NEW YORK (Reuters) – Amid the second-largest gold sell-off since 1983, the casual observer could be forgiven for thinking that investors were dumping bullion in droves.
Initial data suggests otherwise.
The loss of confidence that caused gold prices to fall 10 percent in the four days through Monday has not yet unnerved investors in the leading gold exchange traded fund, nor caused futures traders to close out positions en masse, figures show.
The resilience of retail and professional traders in the face of heavy selling — much of it said stemming from hedge funds eager to dress up end-of-quarter performance or pay margin calls in other markets — supports the idea that bullion’s shudder was a correction, not the end of its run.
It also appears to run counter to some speculation that one or another of the big institutional holders of the SPDR Gold Trust, the world’s largest gold ETF, might have been liquidated. John Paulson’s hedge fund held 7.6 percent of the $65 billion fund as of June 30, data show.
Physical gold holdings by the SPDR dipped only 0.8 percent during gold’s four-day slump, despite prices falling by as much as 15 percent over that period, according to the latest holdings data released on Tuesday.
At its lowest, gold was down more than 20 percent since a record high just four weeks.
The minor dip in holdings is remarkable, because many traders had initially feared that the advent of precious metal ETFs — which five years ago opened up the gold market to many retail and institutional customers by making it as easy to trade as stocks — would inject more volatility into markets.
Instead, those same investors appear to be holding firm to the view that gold is a better long-term bet with the euro debt crisis and a sputtering U.S. economy far from over.
“People are not going to be easily squeezed out of their investment based on longer-term, positive bias toward gold. It’s not a mentality among funds and individual investors that’s going to be easily shaken,” said David Meger, director of metals trading at Vision Financial Markets, a futures brokerage.
“We really have to see a dramatic fundamental change here to change the overall investment view that gold is a safe haven,” Meger said. “We have seen an aggressive price decline, but fundamentally I don’t believe much has changed.”
STRONG INTEREST IN COMEX FUTURES, OPTIONS
There is no sign that other gold investors are heading for the exit either. Total outstanding contracts in COMEX gold futures only dropped less than 2 percent over the last four sessions, while open interest in gold options rose to a record on Friday.
“Within long, passive well-diversified portfolios, you wouldn’t necessarily see substantial selling activity within the gold trust because of a minor sell-off,” said Abraham Bailin, Morningstar’s exchange-traded fund analyst.
Bailin explained that the SPDR Gold Trust is attracting gold investors who want to diversify in the long run.

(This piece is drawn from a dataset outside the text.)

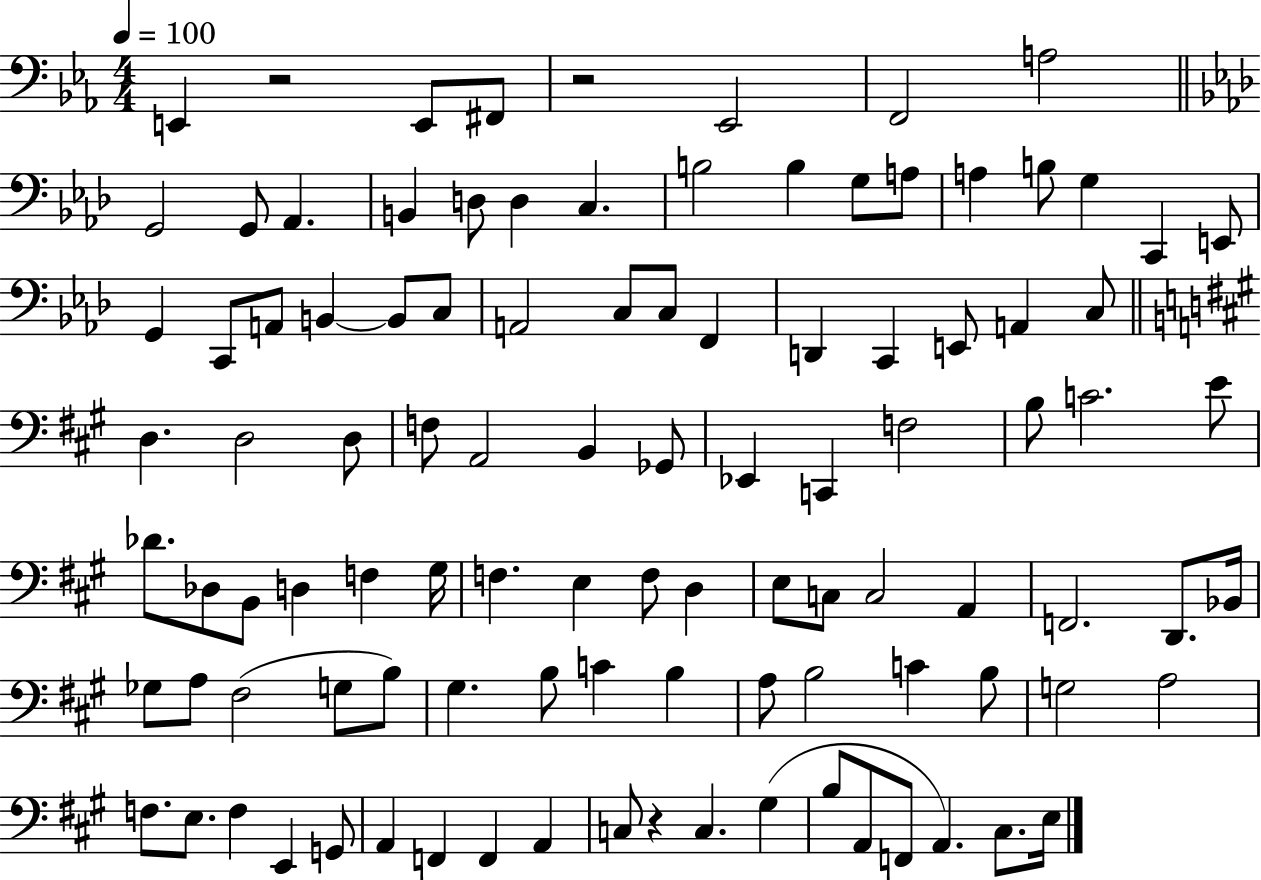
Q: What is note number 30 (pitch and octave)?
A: C3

“Depending on the market sentiment toward gold, the price performance of an asset will not always trigger any inflow/outflow event, certainly not immediately,” Bailin said.

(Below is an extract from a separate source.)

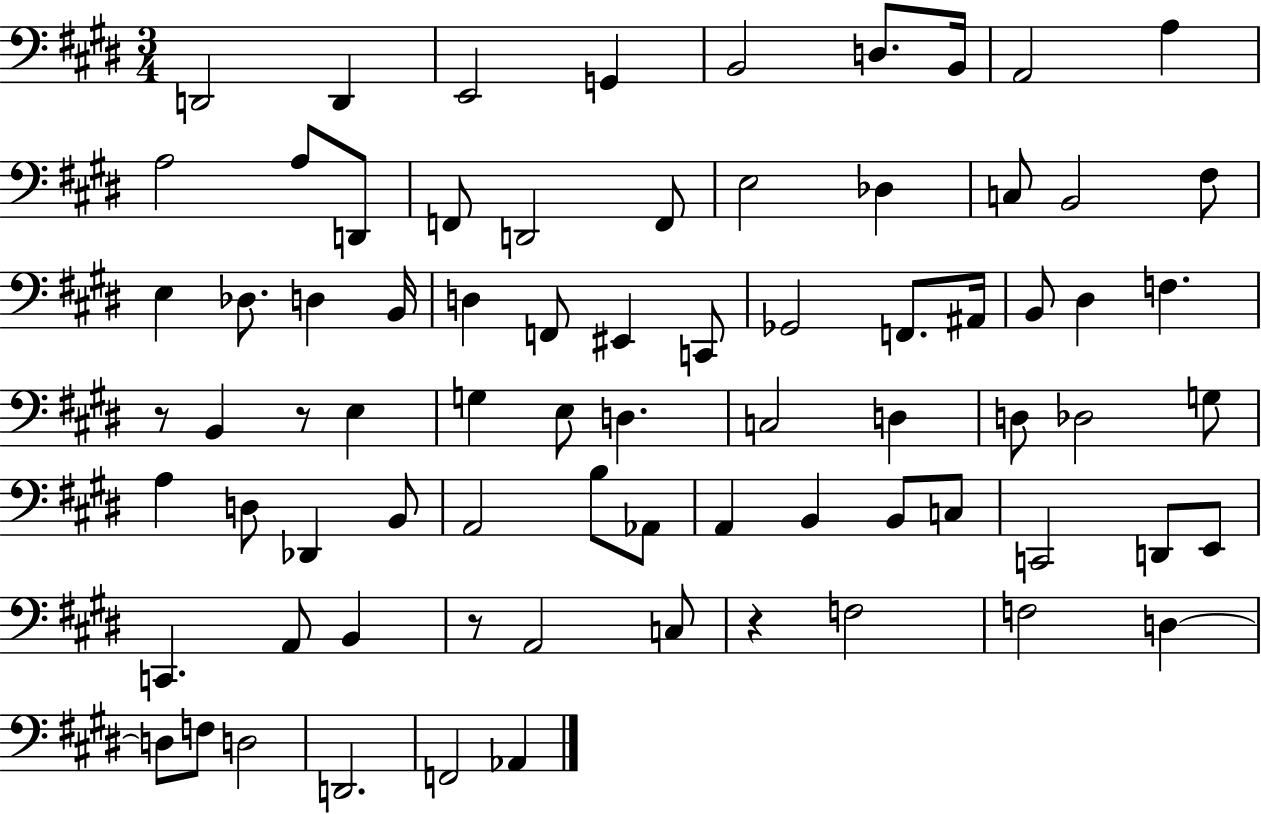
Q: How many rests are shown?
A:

Many market watchers said that the popularity of the gold ETFs has played a key role in fueling the metal’s decade-long bull market. It has rallied from just $250 an ounce in 2001 to around $1,650 on Tuesday.

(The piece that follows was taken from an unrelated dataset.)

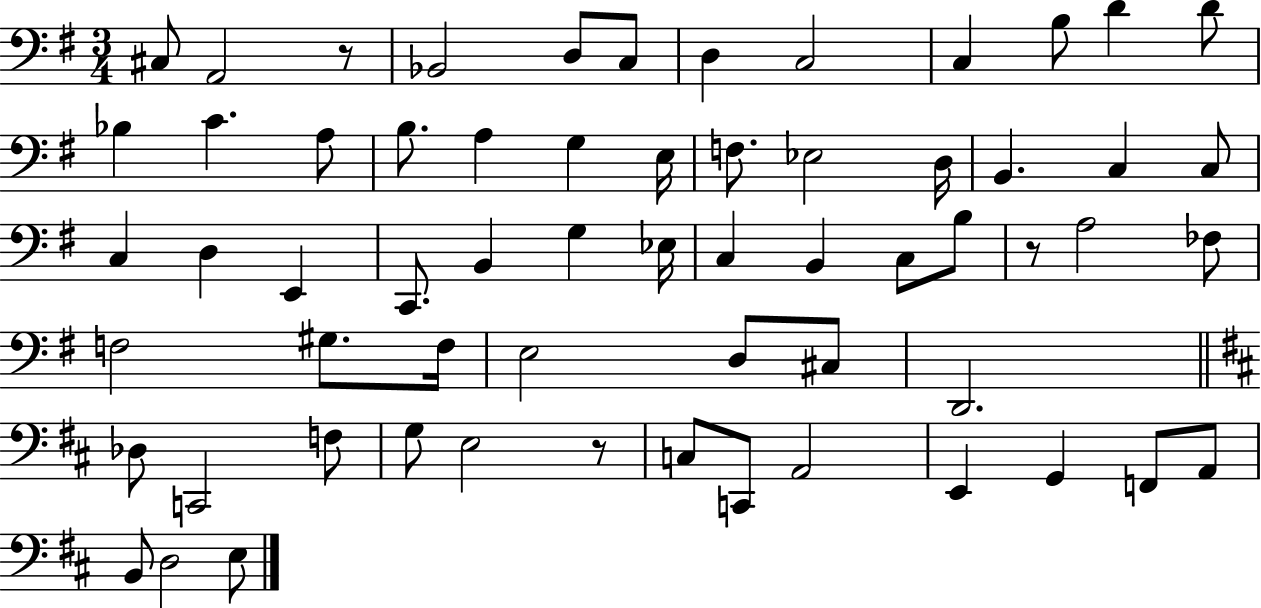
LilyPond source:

Gold ETFs offer easy access as they are traded on stock exchanges similar to stocks. Bullion acquired is held by the funds’ custodians and are used to create and back shares of the ETFs.
Since its launch in November 2004, the No. 1 SPDR Gold Trust has bought over 1,250 tonnes of gold in the open market, slightly more than China or Switzerland.
Bullion holdings of SPDR Gold Trust, however, were still sharply below a record of 1,320 tonnes set in July 2010, even as the price of the metal rose to a record above $1,920 an ounce earlier this month.
In late August, SPDR Gold briefly surpassed SPDR S&P 500 ETF to be the world’s biggest ETF.
Kevin Quigg, global head of ETF capital markets at State Street Global Advisors (SSgA), said that SPDR Gold Trust remains the most popular way to invest in gold no matter how the price of gold performs. SSgA is the marketer of the gold ETF.
“Regardless of how people feel about the gold market itself, and how people feel about its portfolio management perspective, the vehicle they are using to express that investment sentiment is the SPDR Gold Trust,” Quigg said.